(Given records)
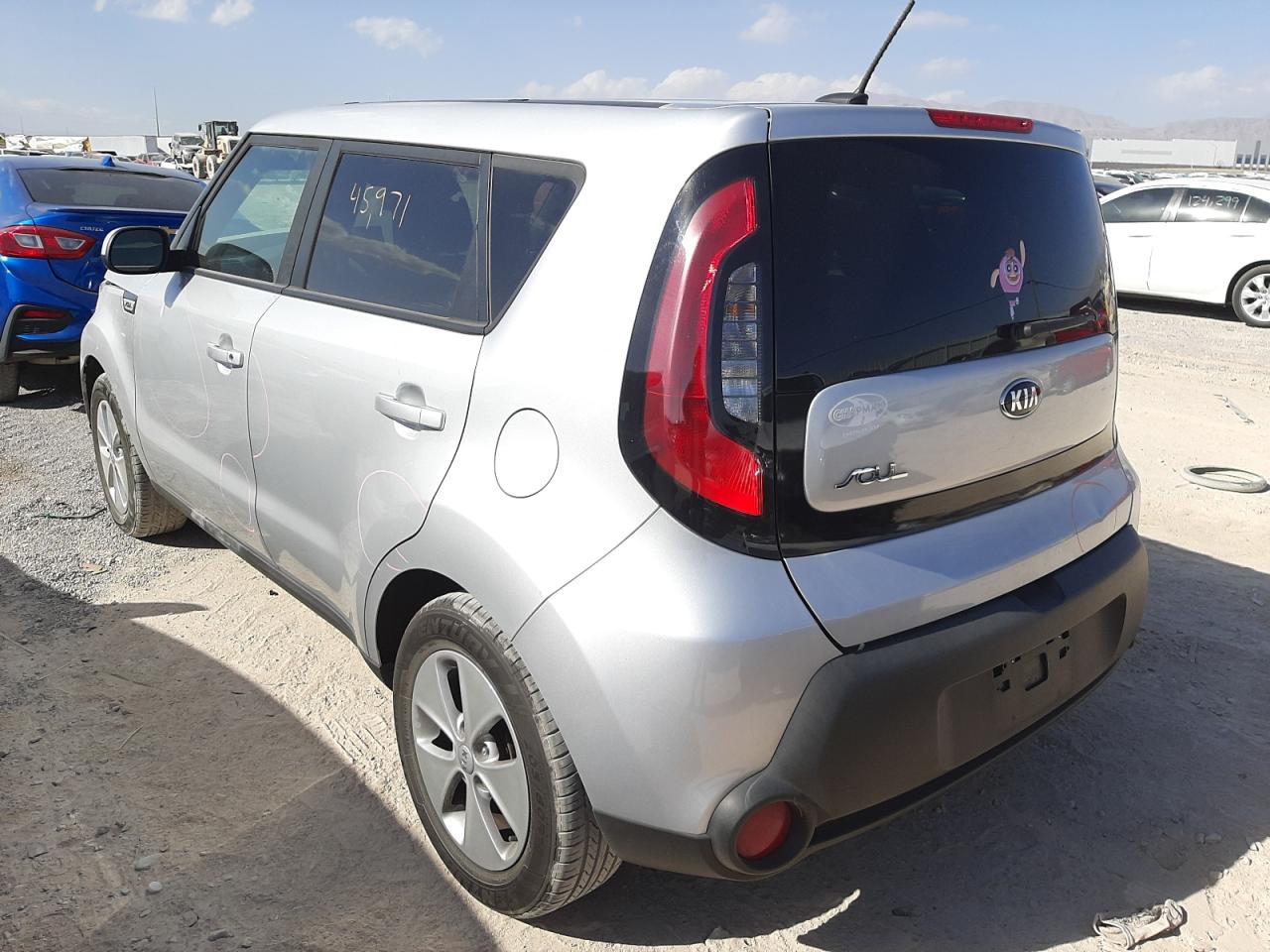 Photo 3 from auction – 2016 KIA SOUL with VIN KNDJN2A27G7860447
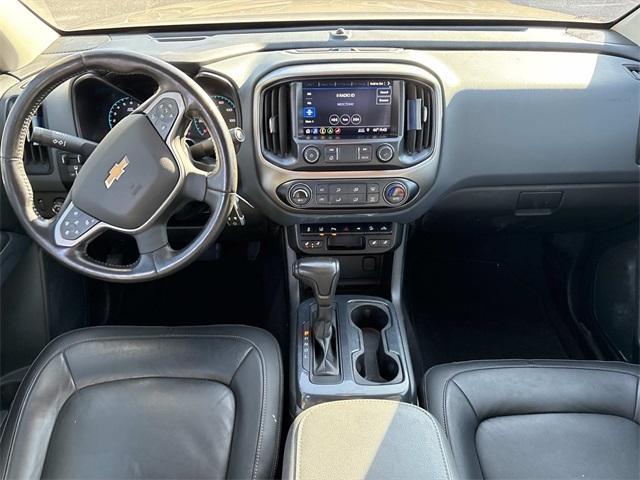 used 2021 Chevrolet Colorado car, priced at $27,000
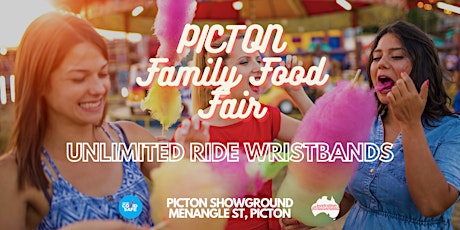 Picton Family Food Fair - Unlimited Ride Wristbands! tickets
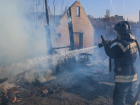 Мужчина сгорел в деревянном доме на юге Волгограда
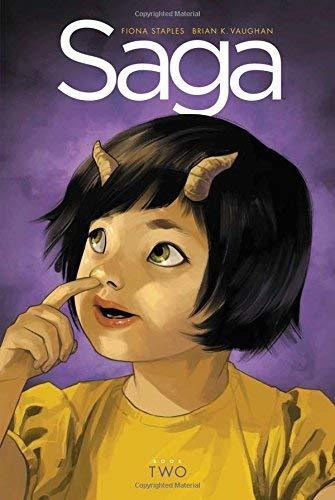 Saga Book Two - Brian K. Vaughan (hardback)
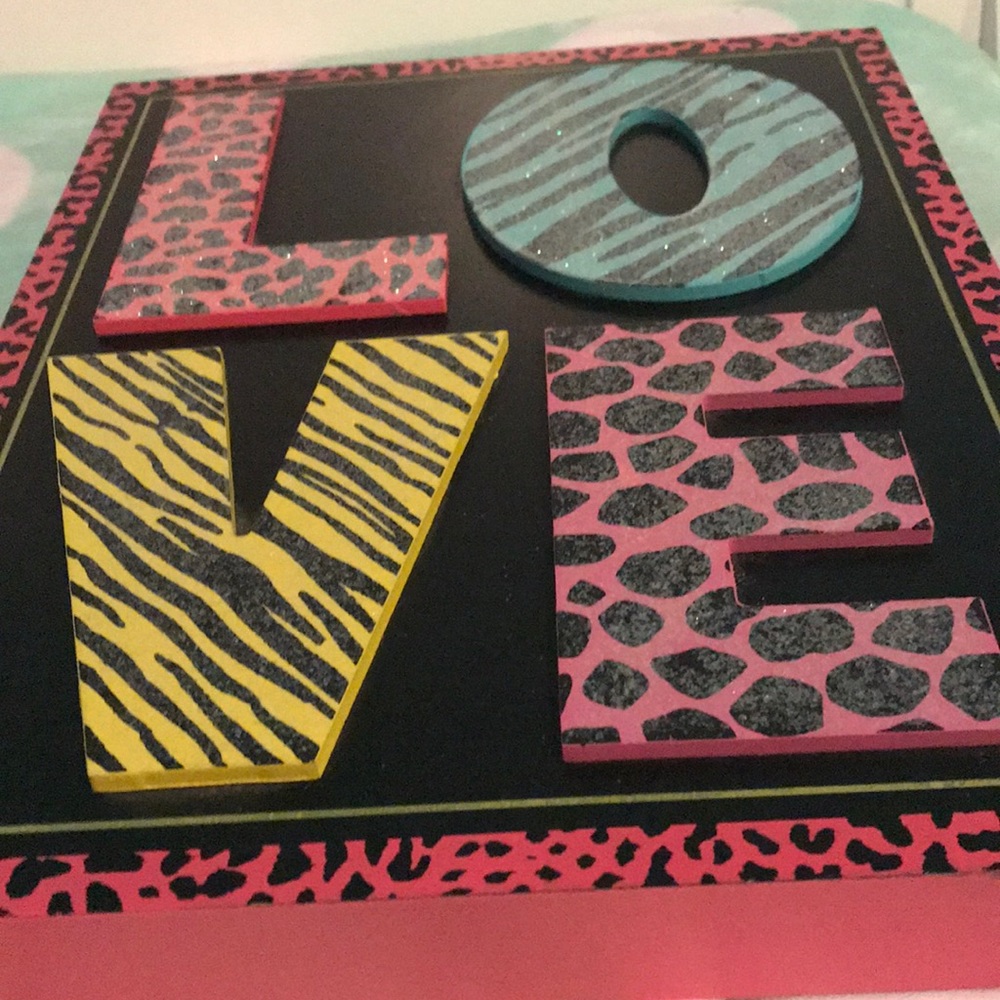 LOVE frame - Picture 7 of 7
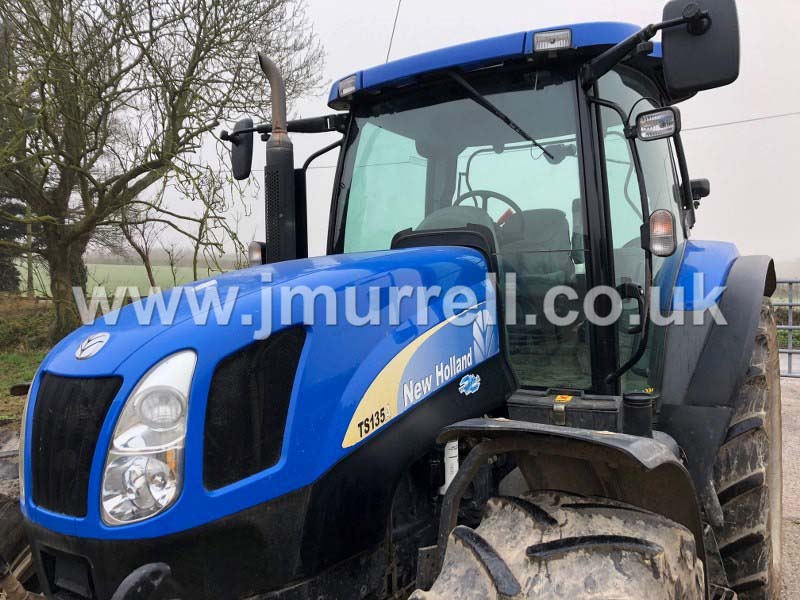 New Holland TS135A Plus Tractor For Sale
(End Given records)
## What you are asked to do
Only the lines from the one containing "LOVE frame - Picture 7 of 7" through the last line of the data belong in the copy, both included and reproduced exactly. Pictures do not.

## Solution
 LOVE frame - Picture 7 of 7
 New Holland TS135A Plus Tractor For Sale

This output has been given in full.